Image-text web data
________________________________________

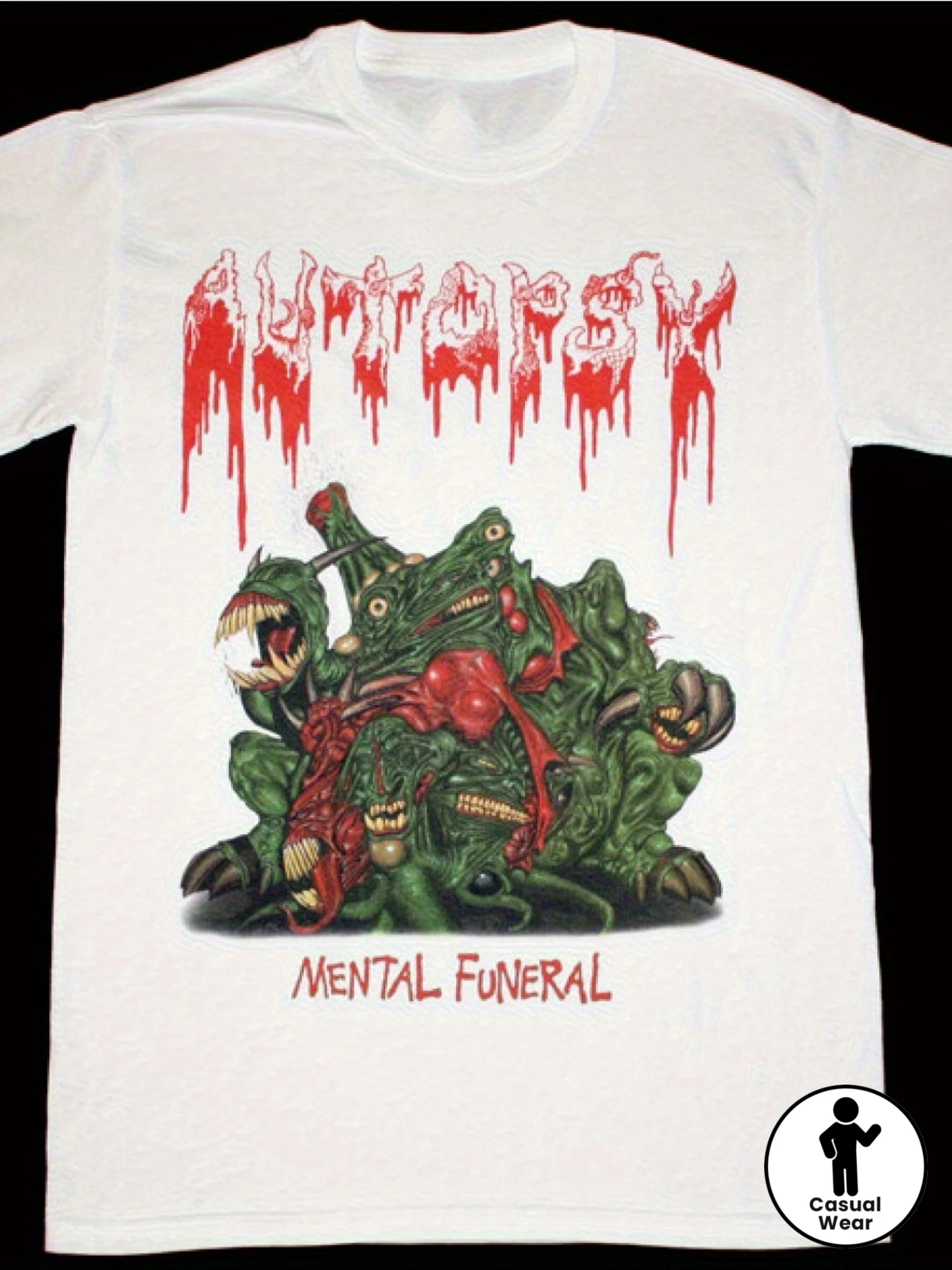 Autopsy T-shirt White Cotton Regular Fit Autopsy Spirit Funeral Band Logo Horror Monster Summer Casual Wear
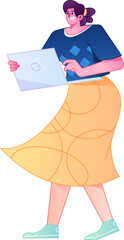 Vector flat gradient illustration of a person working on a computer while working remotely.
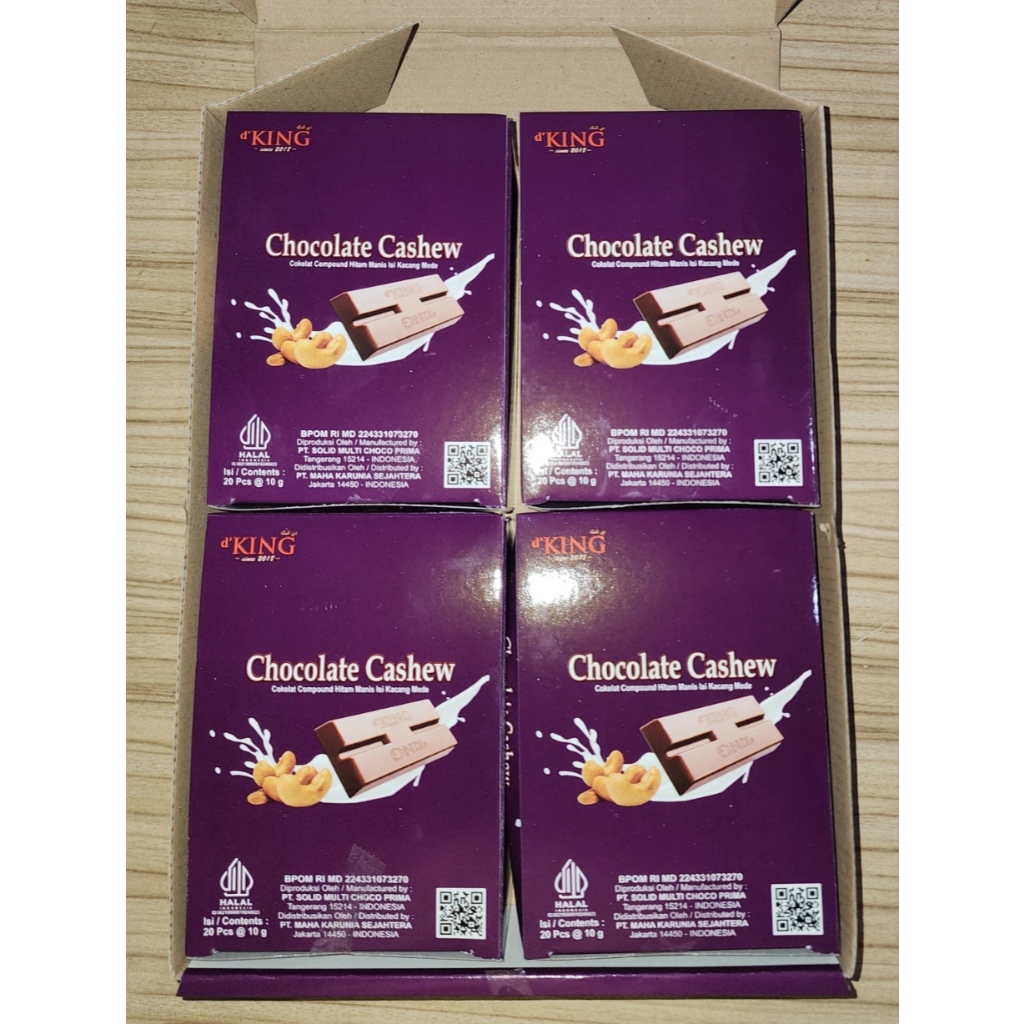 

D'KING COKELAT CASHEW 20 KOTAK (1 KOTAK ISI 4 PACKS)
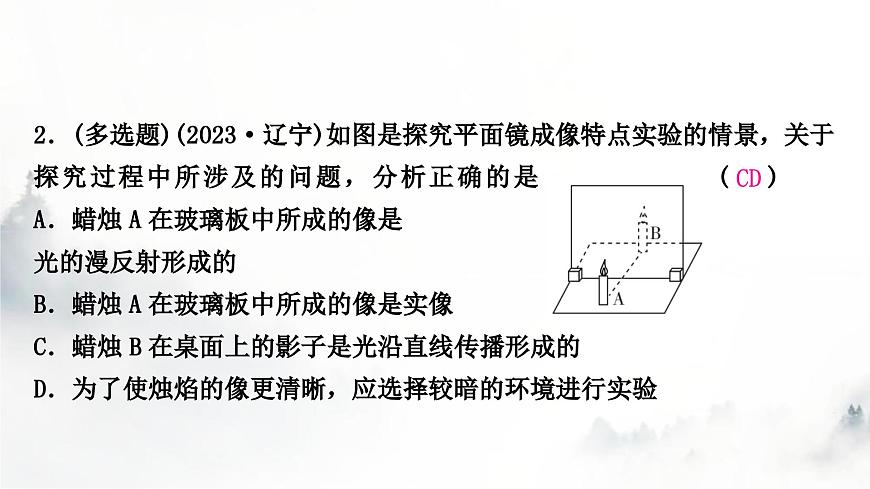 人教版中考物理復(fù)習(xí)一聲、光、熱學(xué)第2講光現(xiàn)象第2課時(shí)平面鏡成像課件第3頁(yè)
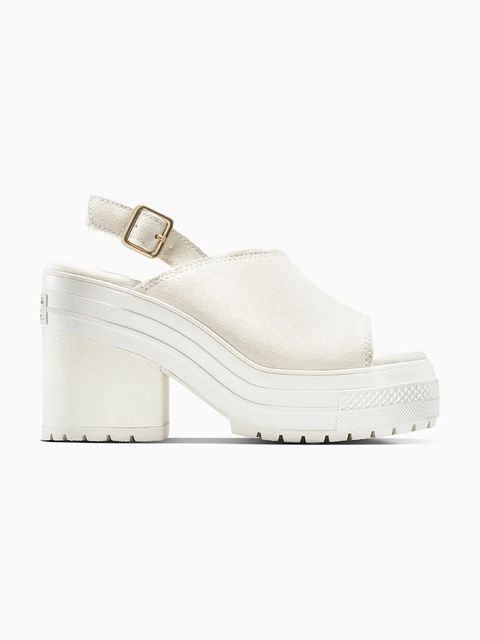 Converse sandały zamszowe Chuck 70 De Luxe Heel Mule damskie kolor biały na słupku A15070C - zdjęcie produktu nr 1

________________________________________

TASK TO COMPLETE: Word-for-word output of every record is needed, with images omitted.

ANSWER AREA:
 Autopsy T-shirt White Cotton Regular Fit Autopsy Spirit Funeral Band Logo Horror Monster Summer Casual Wear
 Vector flat gradient illustration of a person working on a computer while working remotely.

D'KING COKELAT CASHEW 20 KOTAK (1 KOTAK ISI 4 PACKS)
 人教版中考物理復(fù)習(xí)一聲、光、熱學(xué)第2講光現(xiàn)象第2課時(shí)平面鏡成像課件第3頁(yè)
 Converse sandały zamszowe Chuck 70 De Luxe Heel Mule damskie kolor biały na słupku A15070C - zdjęcie produktu nr 1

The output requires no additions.